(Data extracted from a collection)

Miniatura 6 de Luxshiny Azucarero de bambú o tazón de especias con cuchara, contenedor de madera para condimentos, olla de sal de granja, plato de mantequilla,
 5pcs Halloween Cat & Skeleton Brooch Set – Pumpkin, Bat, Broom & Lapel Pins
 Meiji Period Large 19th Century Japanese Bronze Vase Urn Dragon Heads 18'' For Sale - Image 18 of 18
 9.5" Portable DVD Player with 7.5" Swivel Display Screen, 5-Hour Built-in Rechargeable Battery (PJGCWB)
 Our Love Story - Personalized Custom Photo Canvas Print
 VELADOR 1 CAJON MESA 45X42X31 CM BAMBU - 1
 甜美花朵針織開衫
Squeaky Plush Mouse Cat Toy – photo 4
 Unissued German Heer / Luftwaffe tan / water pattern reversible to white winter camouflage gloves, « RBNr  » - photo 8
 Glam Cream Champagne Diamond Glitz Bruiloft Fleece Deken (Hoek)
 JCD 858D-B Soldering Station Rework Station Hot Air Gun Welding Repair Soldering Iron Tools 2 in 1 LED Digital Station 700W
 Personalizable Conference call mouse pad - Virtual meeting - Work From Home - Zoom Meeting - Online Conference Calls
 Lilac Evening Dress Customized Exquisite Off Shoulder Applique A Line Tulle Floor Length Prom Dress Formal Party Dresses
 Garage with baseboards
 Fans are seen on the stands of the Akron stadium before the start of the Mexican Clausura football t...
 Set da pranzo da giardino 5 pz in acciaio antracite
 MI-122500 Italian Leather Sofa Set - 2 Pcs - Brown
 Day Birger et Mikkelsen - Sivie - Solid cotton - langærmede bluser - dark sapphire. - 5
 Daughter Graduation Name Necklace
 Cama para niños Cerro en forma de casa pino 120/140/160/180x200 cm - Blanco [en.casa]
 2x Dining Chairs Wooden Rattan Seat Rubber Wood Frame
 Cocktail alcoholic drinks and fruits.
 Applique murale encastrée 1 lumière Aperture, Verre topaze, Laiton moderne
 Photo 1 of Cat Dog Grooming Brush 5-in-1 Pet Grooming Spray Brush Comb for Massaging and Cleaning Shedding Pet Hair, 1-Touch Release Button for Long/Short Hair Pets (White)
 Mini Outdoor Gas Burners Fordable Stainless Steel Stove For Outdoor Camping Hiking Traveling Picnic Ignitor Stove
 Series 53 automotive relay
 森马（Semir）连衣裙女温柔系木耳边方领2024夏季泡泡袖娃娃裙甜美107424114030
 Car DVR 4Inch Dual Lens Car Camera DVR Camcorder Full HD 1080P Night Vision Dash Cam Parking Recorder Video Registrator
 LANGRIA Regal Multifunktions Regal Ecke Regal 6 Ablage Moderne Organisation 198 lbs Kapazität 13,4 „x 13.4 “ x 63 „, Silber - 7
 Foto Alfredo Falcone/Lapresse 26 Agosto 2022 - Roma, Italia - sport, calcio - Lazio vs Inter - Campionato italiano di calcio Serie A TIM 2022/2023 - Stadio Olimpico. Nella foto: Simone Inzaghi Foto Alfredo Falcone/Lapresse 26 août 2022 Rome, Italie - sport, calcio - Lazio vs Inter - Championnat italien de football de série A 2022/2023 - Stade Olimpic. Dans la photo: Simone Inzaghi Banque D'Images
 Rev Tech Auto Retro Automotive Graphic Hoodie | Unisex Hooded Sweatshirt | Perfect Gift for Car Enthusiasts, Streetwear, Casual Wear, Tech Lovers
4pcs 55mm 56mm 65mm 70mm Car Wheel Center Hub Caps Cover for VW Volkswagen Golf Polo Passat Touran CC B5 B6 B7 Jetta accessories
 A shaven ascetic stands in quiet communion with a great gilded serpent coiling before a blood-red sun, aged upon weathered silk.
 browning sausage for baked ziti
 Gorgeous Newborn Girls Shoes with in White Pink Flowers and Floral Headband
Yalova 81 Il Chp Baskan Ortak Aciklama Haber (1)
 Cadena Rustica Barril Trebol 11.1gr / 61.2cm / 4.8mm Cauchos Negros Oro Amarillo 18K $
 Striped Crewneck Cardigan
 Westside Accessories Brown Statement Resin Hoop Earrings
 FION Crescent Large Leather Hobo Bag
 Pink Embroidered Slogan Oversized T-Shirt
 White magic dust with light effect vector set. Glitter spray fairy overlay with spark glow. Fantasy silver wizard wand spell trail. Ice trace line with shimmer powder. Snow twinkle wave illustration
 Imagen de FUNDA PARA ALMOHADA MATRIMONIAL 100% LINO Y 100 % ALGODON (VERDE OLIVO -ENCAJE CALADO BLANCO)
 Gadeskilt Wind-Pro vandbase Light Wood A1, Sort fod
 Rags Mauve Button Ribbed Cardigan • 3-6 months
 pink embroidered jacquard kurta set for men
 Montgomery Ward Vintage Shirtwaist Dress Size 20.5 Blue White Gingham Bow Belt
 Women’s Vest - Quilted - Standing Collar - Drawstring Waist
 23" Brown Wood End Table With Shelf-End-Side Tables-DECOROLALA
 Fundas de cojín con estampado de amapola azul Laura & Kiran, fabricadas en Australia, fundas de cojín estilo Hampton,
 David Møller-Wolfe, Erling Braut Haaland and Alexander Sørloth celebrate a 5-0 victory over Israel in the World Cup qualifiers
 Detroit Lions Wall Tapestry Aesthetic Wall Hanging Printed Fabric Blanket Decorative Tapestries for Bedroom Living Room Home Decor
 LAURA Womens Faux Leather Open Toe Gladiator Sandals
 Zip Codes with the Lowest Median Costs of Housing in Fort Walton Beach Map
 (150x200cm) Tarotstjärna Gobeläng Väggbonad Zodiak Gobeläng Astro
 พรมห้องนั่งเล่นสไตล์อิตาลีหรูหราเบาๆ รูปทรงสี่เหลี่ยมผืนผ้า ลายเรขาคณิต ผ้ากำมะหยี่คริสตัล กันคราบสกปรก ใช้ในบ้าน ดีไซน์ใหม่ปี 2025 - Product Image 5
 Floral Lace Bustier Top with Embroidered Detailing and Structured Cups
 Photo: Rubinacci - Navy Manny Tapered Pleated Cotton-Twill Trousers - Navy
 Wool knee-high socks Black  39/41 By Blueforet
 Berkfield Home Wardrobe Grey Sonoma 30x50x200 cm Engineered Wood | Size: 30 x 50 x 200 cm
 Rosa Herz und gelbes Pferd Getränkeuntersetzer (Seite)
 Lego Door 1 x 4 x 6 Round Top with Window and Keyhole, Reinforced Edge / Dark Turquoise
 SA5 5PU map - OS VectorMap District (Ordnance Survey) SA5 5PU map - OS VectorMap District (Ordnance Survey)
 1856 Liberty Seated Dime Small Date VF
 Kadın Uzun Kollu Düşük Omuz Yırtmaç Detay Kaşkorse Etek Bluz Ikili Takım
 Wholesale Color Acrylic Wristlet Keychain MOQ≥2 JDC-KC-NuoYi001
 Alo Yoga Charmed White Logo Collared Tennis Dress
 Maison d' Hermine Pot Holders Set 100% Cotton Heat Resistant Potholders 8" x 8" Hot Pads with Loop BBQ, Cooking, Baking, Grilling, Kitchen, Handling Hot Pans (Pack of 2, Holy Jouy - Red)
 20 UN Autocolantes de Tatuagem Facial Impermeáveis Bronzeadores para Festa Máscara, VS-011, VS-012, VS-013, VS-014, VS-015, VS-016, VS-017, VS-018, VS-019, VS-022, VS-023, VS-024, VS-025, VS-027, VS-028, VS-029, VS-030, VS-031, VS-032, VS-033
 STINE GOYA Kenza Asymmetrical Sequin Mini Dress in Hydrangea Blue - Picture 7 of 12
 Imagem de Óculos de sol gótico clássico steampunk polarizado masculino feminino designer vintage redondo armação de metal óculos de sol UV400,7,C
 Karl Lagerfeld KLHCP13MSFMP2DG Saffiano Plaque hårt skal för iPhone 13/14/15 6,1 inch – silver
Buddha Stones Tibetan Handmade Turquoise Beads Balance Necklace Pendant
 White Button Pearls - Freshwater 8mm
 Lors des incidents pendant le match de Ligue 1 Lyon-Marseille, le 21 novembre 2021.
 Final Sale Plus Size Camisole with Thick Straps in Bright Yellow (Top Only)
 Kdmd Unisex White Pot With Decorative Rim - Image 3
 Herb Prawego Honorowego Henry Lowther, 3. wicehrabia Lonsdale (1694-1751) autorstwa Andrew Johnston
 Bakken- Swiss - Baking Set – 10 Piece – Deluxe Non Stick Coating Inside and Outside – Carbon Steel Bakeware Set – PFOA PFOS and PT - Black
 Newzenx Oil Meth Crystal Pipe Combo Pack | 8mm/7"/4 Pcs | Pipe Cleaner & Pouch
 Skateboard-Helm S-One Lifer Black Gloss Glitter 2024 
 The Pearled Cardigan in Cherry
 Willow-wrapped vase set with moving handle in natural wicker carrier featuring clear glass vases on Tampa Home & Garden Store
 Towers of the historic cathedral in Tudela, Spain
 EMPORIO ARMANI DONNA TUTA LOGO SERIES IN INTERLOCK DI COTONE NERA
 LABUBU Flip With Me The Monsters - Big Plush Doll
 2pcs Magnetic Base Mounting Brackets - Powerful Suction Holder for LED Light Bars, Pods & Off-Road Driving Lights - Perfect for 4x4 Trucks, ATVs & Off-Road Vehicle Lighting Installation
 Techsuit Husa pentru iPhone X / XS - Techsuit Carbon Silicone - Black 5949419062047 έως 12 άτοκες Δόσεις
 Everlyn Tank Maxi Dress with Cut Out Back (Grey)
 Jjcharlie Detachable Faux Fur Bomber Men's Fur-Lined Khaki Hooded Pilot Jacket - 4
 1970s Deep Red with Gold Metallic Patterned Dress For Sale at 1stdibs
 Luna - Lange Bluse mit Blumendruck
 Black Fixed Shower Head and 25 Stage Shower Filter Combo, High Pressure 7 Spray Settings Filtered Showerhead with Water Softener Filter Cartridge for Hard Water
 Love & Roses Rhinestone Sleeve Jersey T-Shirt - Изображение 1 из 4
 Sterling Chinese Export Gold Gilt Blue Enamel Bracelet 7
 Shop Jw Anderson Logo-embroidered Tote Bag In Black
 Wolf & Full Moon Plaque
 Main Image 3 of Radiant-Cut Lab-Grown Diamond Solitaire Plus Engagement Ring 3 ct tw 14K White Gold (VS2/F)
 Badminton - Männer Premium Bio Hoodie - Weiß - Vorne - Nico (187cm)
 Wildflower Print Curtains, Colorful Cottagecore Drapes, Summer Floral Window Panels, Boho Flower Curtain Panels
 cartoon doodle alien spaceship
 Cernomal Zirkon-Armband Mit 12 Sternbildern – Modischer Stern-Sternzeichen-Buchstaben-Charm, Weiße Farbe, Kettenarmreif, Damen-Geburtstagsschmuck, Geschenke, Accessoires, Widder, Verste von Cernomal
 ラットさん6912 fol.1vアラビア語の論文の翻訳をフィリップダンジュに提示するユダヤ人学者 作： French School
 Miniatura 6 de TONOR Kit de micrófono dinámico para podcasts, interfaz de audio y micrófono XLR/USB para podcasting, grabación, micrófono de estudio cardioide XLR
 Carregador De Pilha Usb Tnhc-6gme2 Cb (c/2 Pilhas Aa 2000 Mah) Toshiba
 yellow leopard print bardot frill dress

▸ **Problem requirements**: All lines above from the line with "Towers of the" through the line with "Jjcharlie Detachable Faux", both included, are to be set down exactly, with nothing else.

▸ **Task response**:
 Towers of the historic cathedral in Tudela, Spain
 EMPORIO ARMANI DONNA TUTA LOGO SERIES IN INTERLOCK DI COTONE NERA
 LABUBU Flip With Me The Monsters - Big Plush Doll
 2pcs Magnetic Base Mounting Brackets - Powerful Suction Holder for LED Light Bars, Pods & Off-Road Driving Lights - Perfect for 4x4 Trucks, ATVs & Off-Road Vehicle Lighting Installation
 Techsuit Husa pentru iPhone X / XS - Techsuit Carbon Silicone - Black 5949419062047 έως 12 άτοκες Δόσεις
 Everlyn Tank Maxi Dress with Cut Out Back (Grey)
 Jjcharlie Detachable Faux Fur Bomber Men's Fur-Lined Khaki Hooded Pilot Jacket - 4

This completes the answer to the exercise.